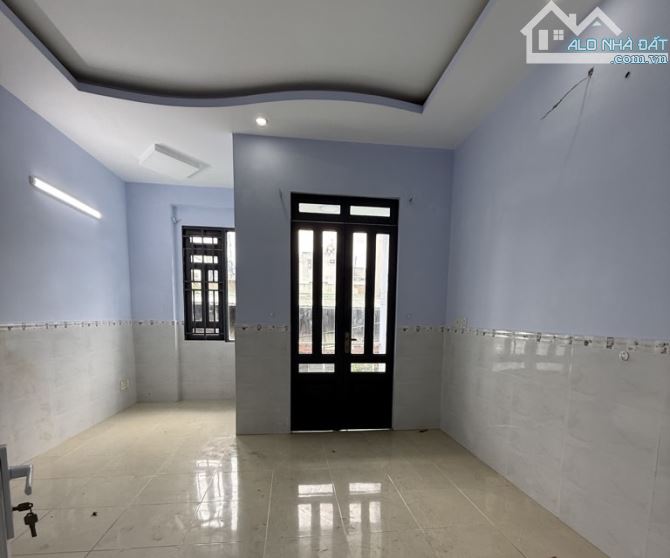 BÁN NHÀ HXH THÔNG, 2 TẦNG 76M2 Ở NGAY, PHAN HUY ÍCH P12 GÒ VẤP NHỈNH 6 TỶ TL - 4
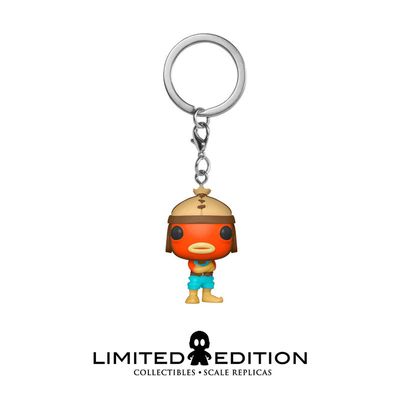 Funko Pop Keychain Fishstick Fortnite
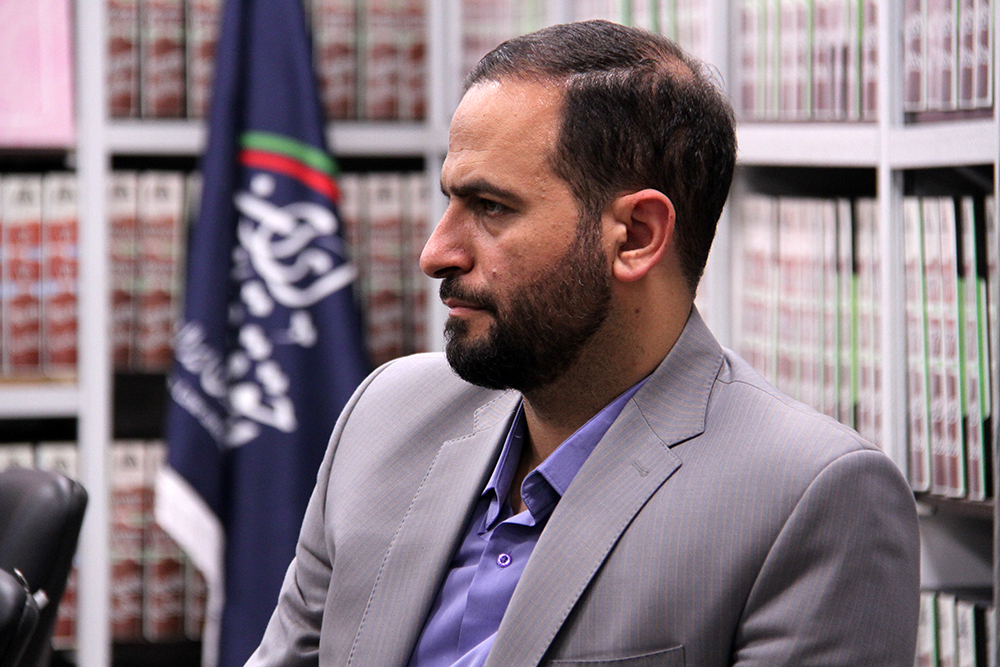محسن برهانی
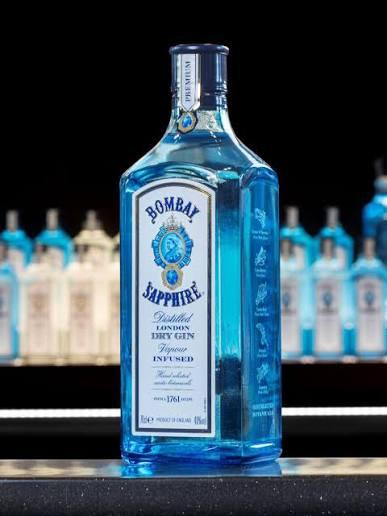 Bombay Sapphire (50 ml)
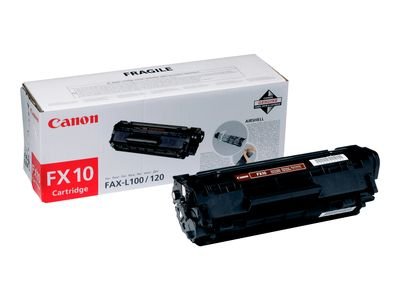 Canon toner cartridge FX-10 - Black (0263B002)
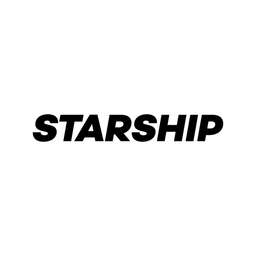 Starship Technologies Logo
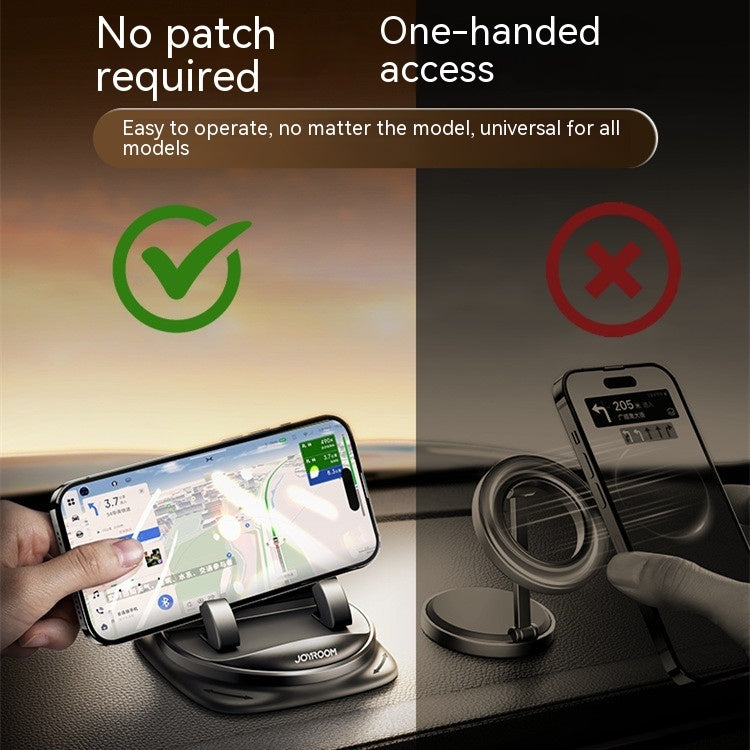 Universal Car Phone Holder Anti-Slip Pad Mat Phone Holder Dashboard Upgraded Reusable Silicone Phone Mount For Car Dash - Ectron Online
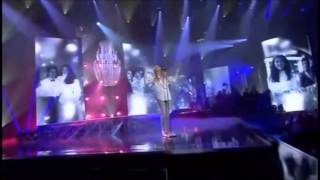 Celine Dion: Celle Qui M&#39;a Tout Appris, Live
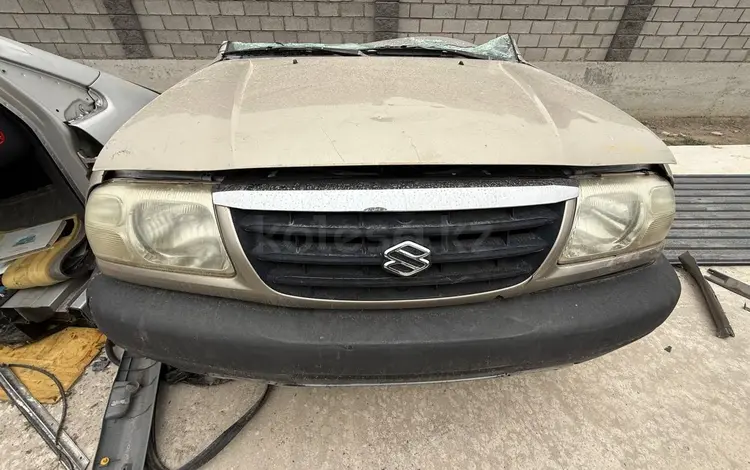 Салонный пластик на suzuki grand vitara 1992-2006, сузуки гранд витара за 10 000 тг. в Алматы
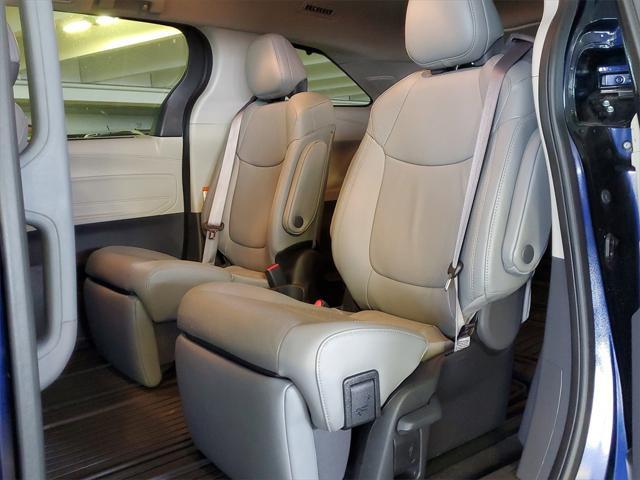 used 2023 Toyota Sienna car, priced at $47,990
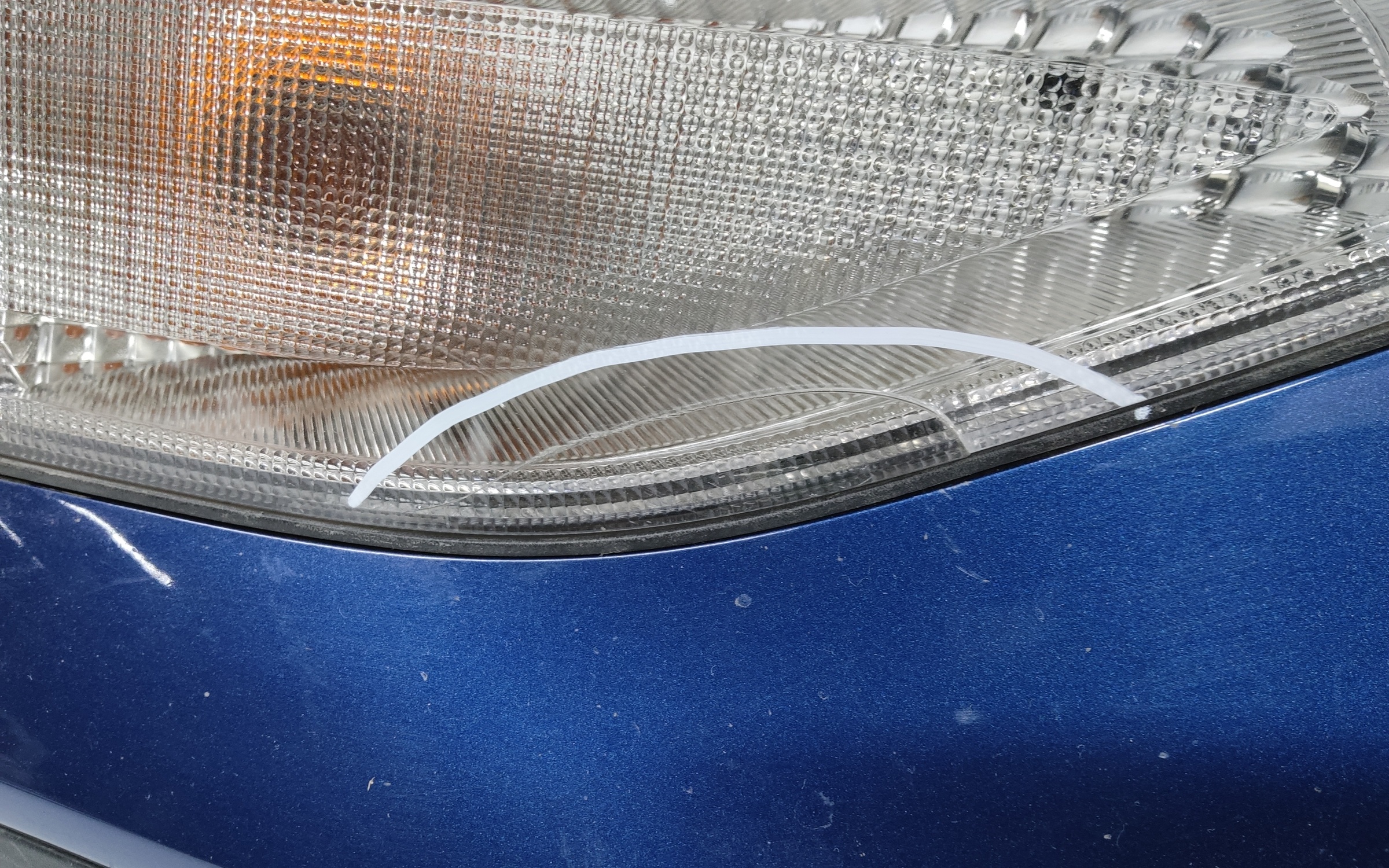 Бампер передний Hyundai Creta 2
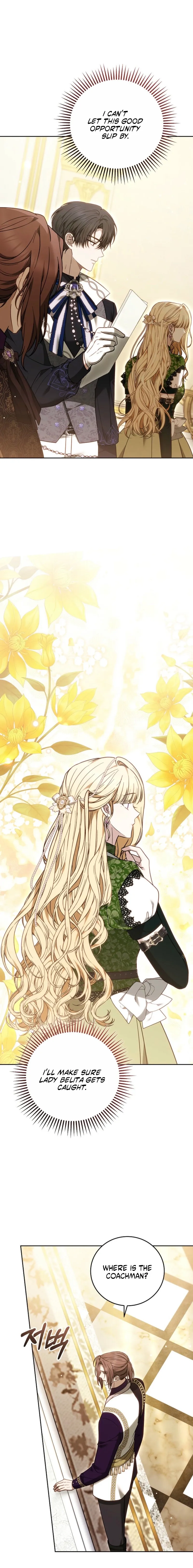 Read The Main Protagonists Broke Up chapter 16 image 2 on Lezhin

- PROBLEM DESCRIPTION -
Omit the pictures and restate the rest of the records verbatim.

- RESPONSE BELOW -
 BÁN NHÀ HXH THÔNG, 2 TẦNG 76M2 Ở NGAY, PHAN HUY ÍCH P12 GÒ VẤP NHỈNH 6 TỶ TL - 4
 Funko Pop Keychain Fishstick Fortnite
محسن برهانی
 Bombay Sapphire (50 ml)
 Canon toner cartridge FX-10 - Black (0263B002)
 Starship Technologies Logo
 Universal Car Phone Holder Anti-Slip Pad Mat Phone Holder Dashboard Upgraded Reusable Silicone Phone Mount For Car Dash - Ectron Online
 Celine Dion: Celle Qui M&#39;a Tout Appris, Live
 Салонный пластик на suzuki grand vitara 1992-2006, сузуки гранд витара за 10 000 тг. в Алматы
 used 2023 Toyota Sienna car, priced at $47,990
 Бампер передний Hyundai Creta 2
 Read The Main Protagonists Broke Up chapter 16 image 2 on Lezhin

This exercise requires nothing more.